O processo para a criação da Comissão Binacional de Contas da hidrelétrica de Itaipu, acordado por Brasil e Paraguai em 2021, está parado desde 2023. O governo do presidente Luiz Inácio Lula da Silva (PT) travou a análise da proposta de instalação do órgão externo que deverá fiscalizar os gastos da empresa. De acordo com o Ministério das Relações Exteriores, o caso só deverá ser retomado a partir de junho, depois que os 2 países concluírem as negociações do chamado Anexo C, que redefinirá as bases financeiras das tarifas de energia.
Os gastos bilionários do lado brasileiro com projetos que não têm relação direta com a geração de energia têm sido alvo de críticas cada vez mais contundentes de políticos e da mídia. Entre outros gastos, Itaipu destinou R$ 1,3 bilhão para obras da COP30, conferência sobre o clima da ONU (Organização das Nações Unidas), que será realizada em novembro em Belém (PA), a mais de 2.800 km de Itaipu (que fica em Foz do Iguaçu, no Paraná). Outros R$ 15 milhões foram gastos em um evento cultural paralelo à Cúpula do G20, realizado no Rio, em novembro do ano passado.
As críticas abarcam também a falta de transparência na alocação desses recursos. Por ser uma empresa binacional, a hidrelétrica não está sujeita à fiscalização direta dos órgãos de controle brasileiros ou paraguaios. A usina diz, porém, que “já atende a padrões internacionais e tem uma política interna bastante rigorosa no controle das contas”.

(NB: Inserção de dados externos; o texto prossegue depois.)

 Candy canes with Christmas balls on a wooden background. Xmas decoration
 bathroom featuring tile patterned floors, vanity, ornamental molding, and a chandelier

O orçamento de Itaipu para 2025 destina quase R$ 9 bilhões (US$ 1,58 bilhão no câmbio atual) para a rubrica “outros”, em que não há especificação dos gastos. Desse total, R$ 4,8 bilhões (849,6 milhões) foram alocados para o lado brasileiro, e R$ 4,2 bilhões (US$ 730,5 milhões) para a gestão paraguaia. O montante é parte dos R$ 15,8 bilhões (US$ 2,8 bilhões no câmbio atual) que compõem o custo dos serviços de eletricidade para os consumidores brasileiros e paraguaios neste ano.
Esse tipo de despesa financia projetos e obras sociais, de infraestrutura, apoio cultural e preservação ambiental, entre outros. Além disso, desde 2023, o número de municípios beneficiados pela hidrelétrica passou de 54 para 434. Isso significa que a empresa pode destinar recursos para todas as cidades do Paraná e outras 35 no Mato Grosso do Sul.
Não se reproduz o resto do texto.